Brooklyn Spa Debuts Sauna-Theater With Ice Bath Rituals, Mixed Reactions
Othership staged a sauna-theater where actors led ritualized breathwork and repeated 38-degree ice plunges, drawing 90 attendees and sparking discussion about commodified wellness.

Othership in Williamsburg debuted a sauna-theater event that fused immersive theatre with guided wellness practices, inviting patrons to alternate between a hot sauna and repeated 38-degree ice baths. The production, staged by theatre company Artemis is Burning, condensed a longer play about Grigori Rasputin titled The Death of Rasputin into a roughly 60-minute performance adapted for extreme heat and cold exposure.
Ninety New Yorkers attended the Tuesday evening event on January 23, 2026. The format treated participants as co-performers: actors led ritualized breathing and chanting, guided groups through cold plunges meant to simulate baptism, and offered optional anointing with oil as bodies emerged from the ice baths. Attendees circulated among the sauna, ice baths, and communal areas during the performance. Evening tickets sold out at $100 a head.
Reactions to the production were mixed. Some guests embraced the ritualistic, communal framing and the physical intensity of alternating heat and cold. Other participants found the repeated cold plunges especially challenging. The event highlights a growing scene in New York City where sauna spaces double as social venues and performance stages. Othership already operates structured late-night sauna socials and programming that includes comedy nights, DJ sets, guided breathwork, and cold plunges. The venue lists a membership option at $333 per month for unlimited access.

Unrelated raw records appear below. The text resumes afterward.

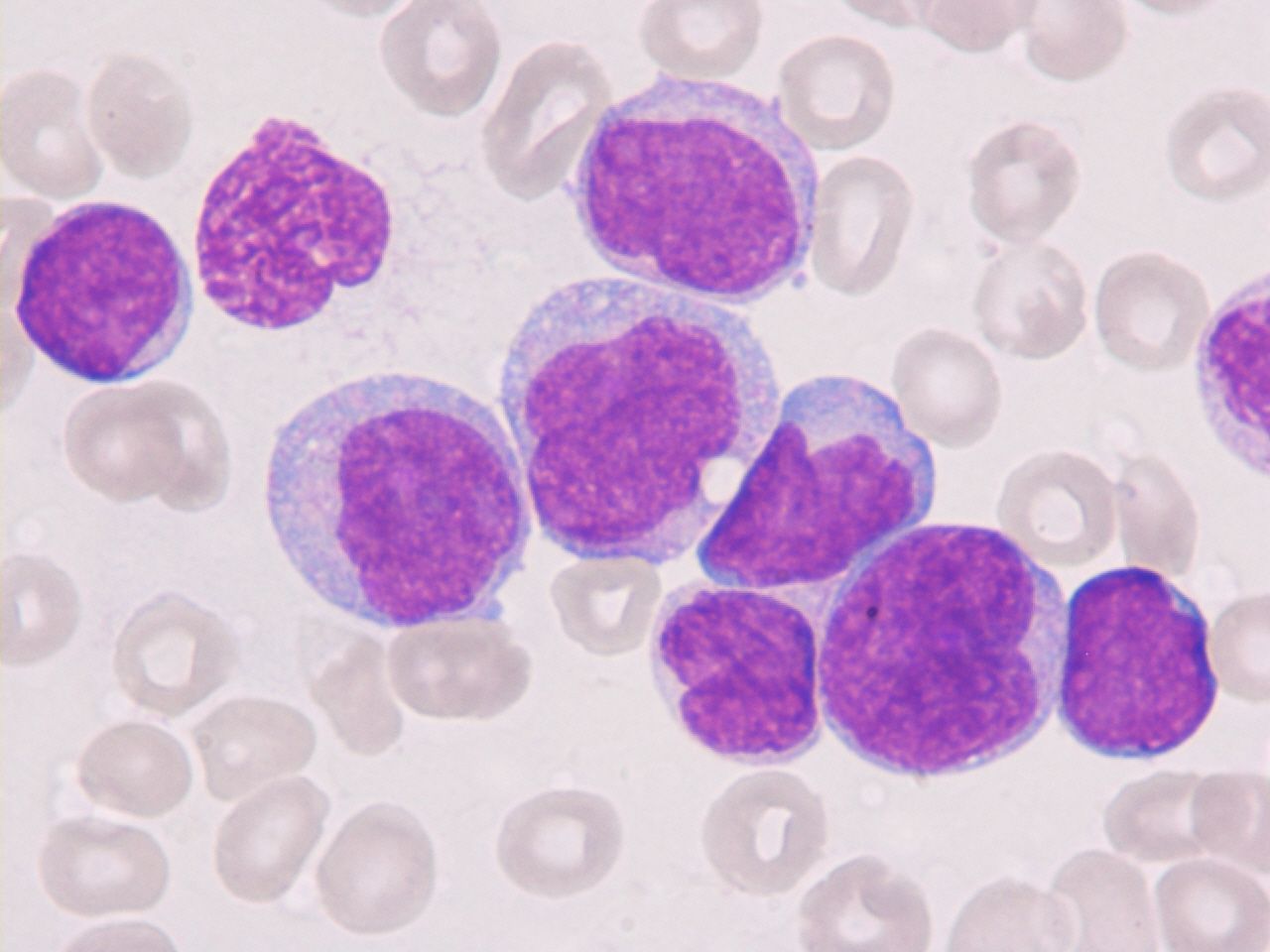 Acute myeloid leukaemia with t (9;11)(p22;q23) with complex karyotype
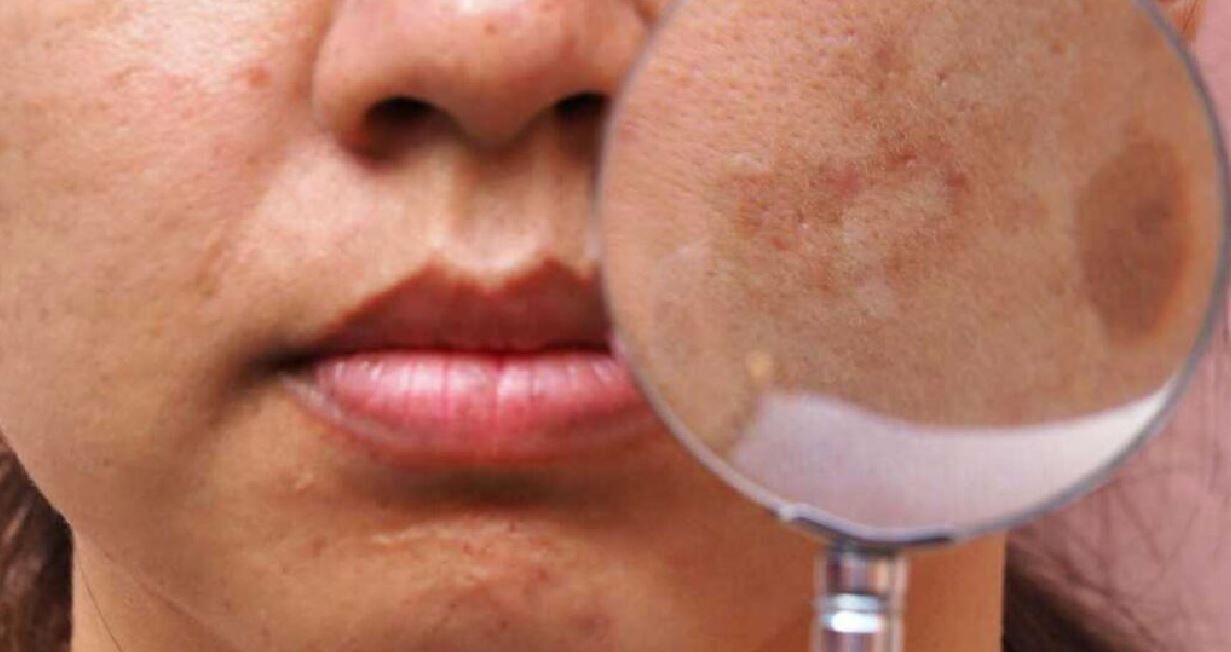 علت لکه‌های سیاه روی پوست چیست؟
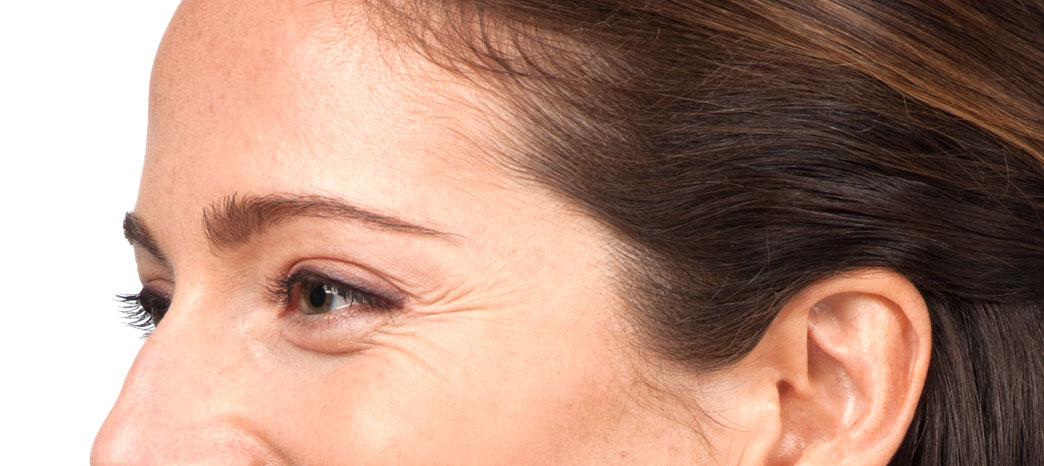 anti-wrinkle injections treatment - before anti-wrinkle injections treatment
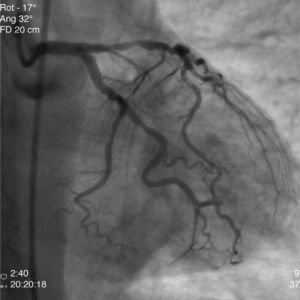Coronary angiography showing critical stenosis of the circumflex artery.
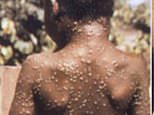 Two more people have been diagnosed with monkeypox in UK in case not linked to previous infection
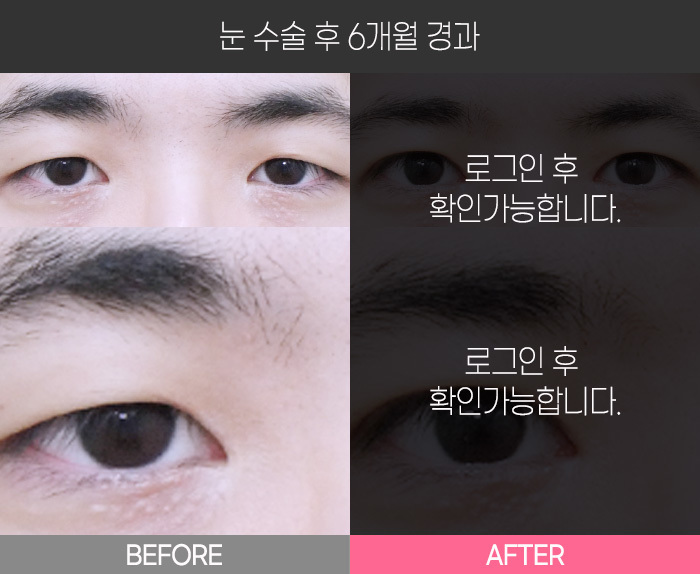 눈 수술 후 6개월 경과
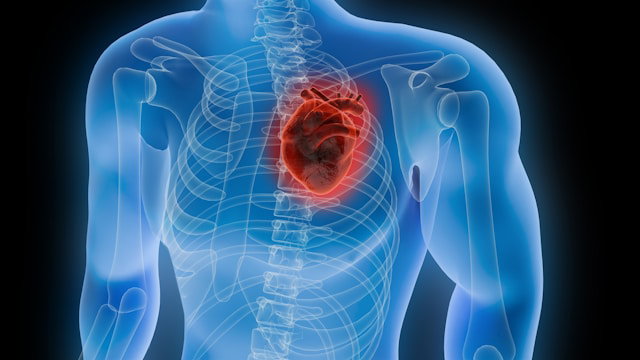 Why Irregular Heartbeat Start After Heart Attacks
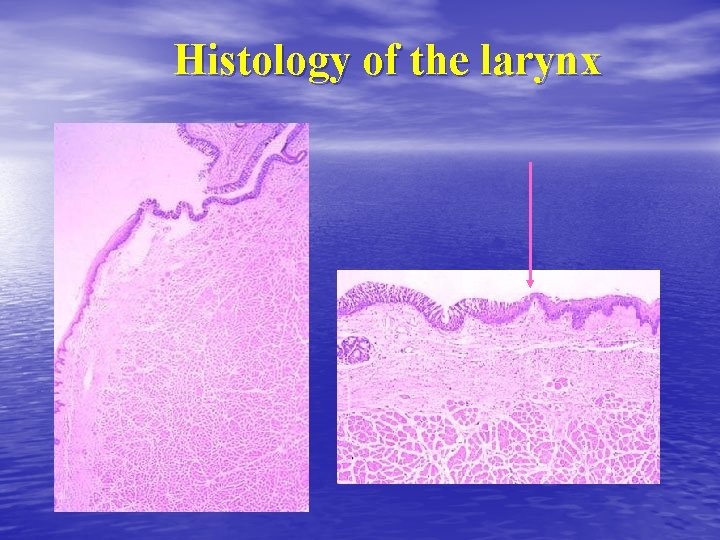 Histology of the larynx 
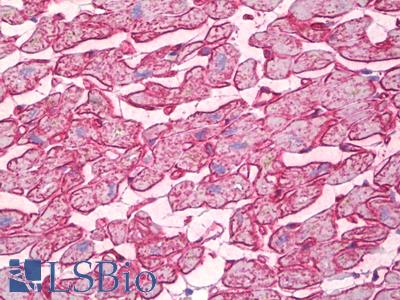 Anti-CAV2 / Caveolin 2 antibody IHC of human heart. Immunohistochemistry of formalin-fixed, paraffin-embedded tissue after heat-induced antigen retrieval. Antibody LS-B6770 dilution 1:50.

The sauna-theater sits within a broader trend of experiential, performative wellness that blends self-care with sociality and spectacle. Othership positions its programming as community-focused ritual while charging premium prices for curated experiences. That positioning has opened a conversation about the tension between commodified wellness offerings and communal bathing traditions from other cultures, where ritual and accessibility often differ from boutique, paid events.
For local cold plunge and sauna regulars the event is notable on two fronts: it signals how operators are seeking to expand programming beyond traditional heat-and-cold practices, and it illustrates how price points and theatrical framing influence who participates. Artemis is Burning and Othership plan a larger, permanent iteration of the production in Chelsea later in 2026, suggesting the concept will be tested on a broader scale.
If you plan to attend a sauna-theater event expect a 60-minute immersive run, structured breathwork, repeated 38-degree plunges, optional anointing, and a $100 ticket price; Othership’s $333/month unlimited membership remains an alternative for frequent users. The experiment will show whether ritualized cold plunges onstage become a sustainable niche or simply another polarizing wellness trend.